* Exercise details
From the line that contains "Lugz Stormy Womens" to the end of the entries, copy each line exactly, though the pictures stay out.
---------- Dataset excerpts ----------
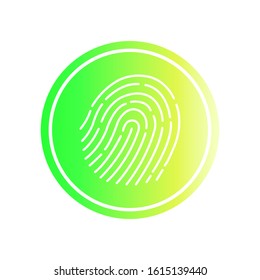 Abstract thin line touch id logo. Concept of identification sign like fingermark labyrinth. Flat simple fashion logo. Graphic design of the art app in a circle with gradient neon fill.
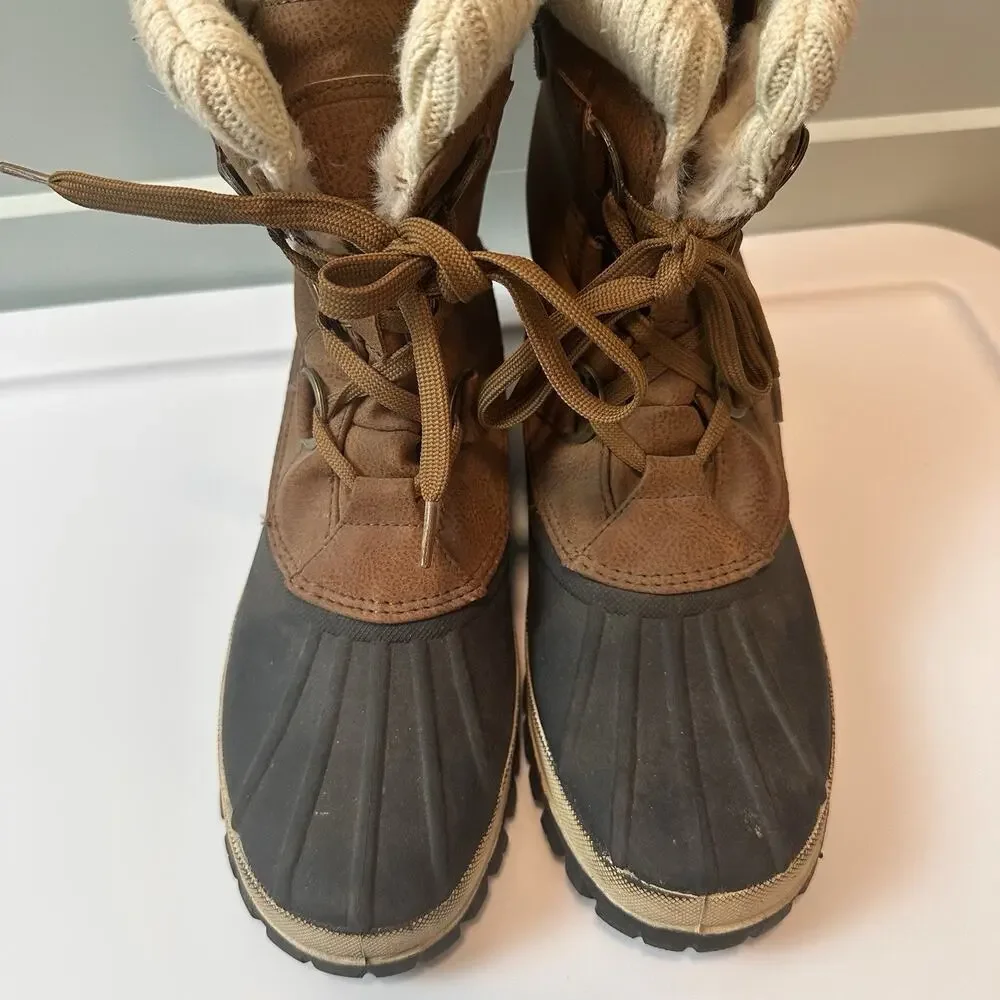 Lugz Stormy Womens 8.5 Brown Duck Boots Faux Fur Lined Lace Up Winter Snow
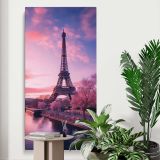 Pink Eiffel Tower at Sunset canvas print displayed in a modern interior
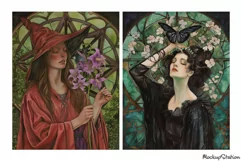 Vintage Wiccan Portraits for Scrapbook, Junk Journal Pages Product Image 3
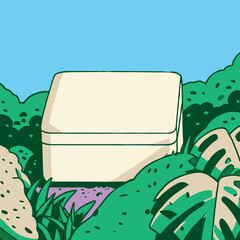Illustration of a box in a green environment under a blue sky, evoking a sense of mystery.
----------
* Response below
 Lugz Stormy Womens 8.5 Brown Duck Boots Faux Fur Lined Lace Up Winter Snow
 Pink Eiffel Tower at Sunset canvas print displayed in a modern interior
 Vintage Wiccan Portraits for Scrapbook, Junk Journal Pages Product Image 3
Illustration of a box in a green environment under a blue sky, evoking a sense of mystery.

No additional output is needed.